Israels Armee hat jetzt vier Fünftel von Hebron an die palästinensische Polizei übergeben. Damit ist keine der beiden Seiten so recht glücklich  ■ Aus Hebron Susanne Kaiser

Mit großer Geste versucht ein palästinensischer Polizist Herr des Verkehrschaos an der Hebroner Ortseinfahrt zu werden. Zwar schert sich niemand so recht darum, aber jede seiner Gesten sagt: Seht her, jetzt bin ich hier der Boß. Endlich.

Um 6.10 Uhr an diesem Morgen hat der letzte Soldat das israelische Militärhauptquartier verlassen. Zwei Stunden später ziehen 400 Polizisten der palästinensischen Autonomiebehörde in die vier Fünftel der Stadt ein, die sie ab jetzt kontrollieren werden. An ihrem ersten Tag hat es sich natürlich niemand nehmen lassen, Dienst zu schieben. In Rudeln stehen die komplett neu eingekleideten Polizisten an den Straßenecken. Noch haben nicht alle so viel zu tun wie besagter Verkehrspolizist.

Seit der Nacht, kurz nach der endgültigen Absegnung des Hebron-Abkommens durch die Knesset, weht die israelische Flagge nicht mehr über dem Militärhauptquartier, das für die Palästinenser Hebrons 30 Jahre Besatzung und Repression symbolisiert. Doch riesige Befreiungspartys auf den Straßen bleiben aus. Auch das kurze Shakehands zwischen einem israelischen und palästinensischen Offizier, als der letzte israelische Armeelastwagen in der Frühe das Quartier verläßt, fällt nicht sehr bedeutungsschwanger aus. Man hat es ja auch in Zukunft nicht weit. Im Zentrum von Hebron werden auch weiterhin tausend israelische Soldaten 50 radikale jüdische Siedlerfamilien schützen. Premier Benjamin Netanjahu wird nicht müde zu betonen, daß Israel die „älteste jüdische Siedlung der Welt“ nicht aufgeben wird.

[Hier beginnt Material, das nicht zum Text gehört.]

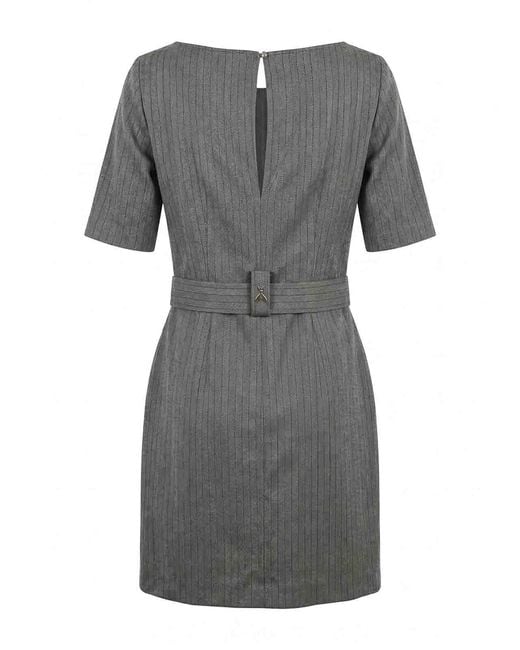 Patrizia Pepe Gray Dress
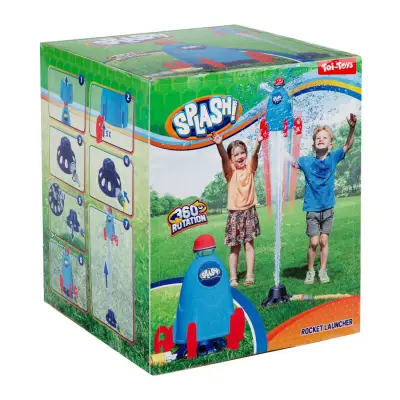 Splash Watersproeier met Raketlancering – kavel bij GSD Auctions, Zoeterwoude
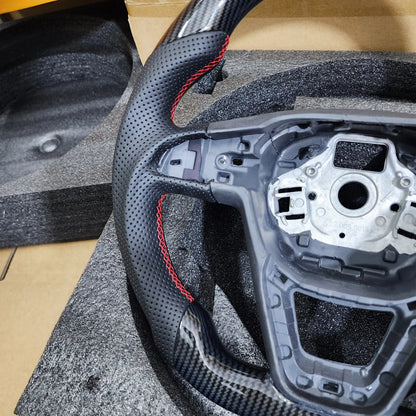 Custom Seat Leon Cupra Steering Wheel — view 8
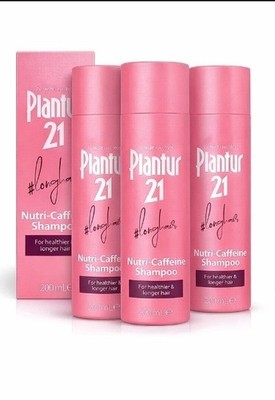 Lot Of 12 Dr. Wolff Plantur 21 Nutri-Caffeine Shampoo for Long Hair 6.76 oz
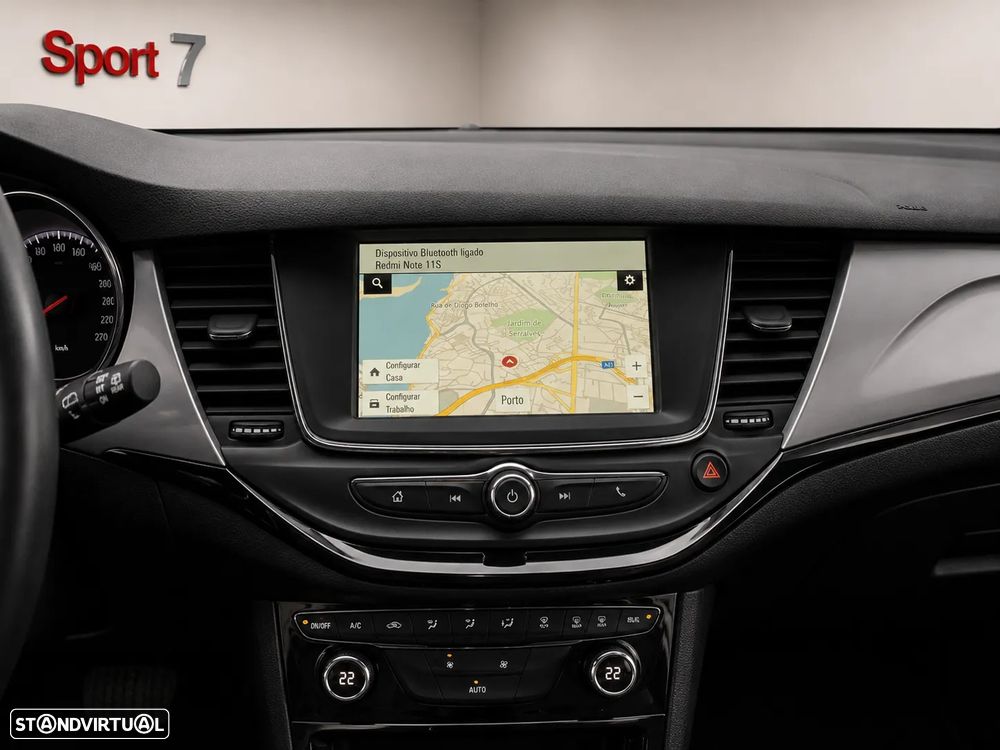 Opel Astra Sports Tourer 1.4 T GS Line CVT S/S - 9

Die „Straße der Märtyrer“ ist zum ersten Mal seit drei Jahren wieder ein quirliges Zentrum. Nach dem Massaker des jüdischen Siedlers Baruch Goldstein in der Ibrahim-Moschee 1994 hatte die israelische Militärverwaltung aus Angst vor Racheakten alle Geschäfte schließen lassen. Palästinensern war es zudem nicht erlaubt, mit dem Auto hier langzufahren. Unter den Augen von Hunderten von israelischen Militärs und Polizisten am einen, Dutzenden palästinensischen Polizisten am anderen Ende und mindestens ebenso vielen JournalistInnen in der Mitte haben die ersten Geschäfte wieder geöffnet. Wie an einem Feiertag flanieren Hunderte von Palästinensern durch die Straße. Eine Gruppe plakatiert überall Arafat-Plakate, die ein kleiner Junge mit Kippa und Schläfenlocken in unbeobachteten Momenten so gut wie möglich wieder zu verwüsten versucht.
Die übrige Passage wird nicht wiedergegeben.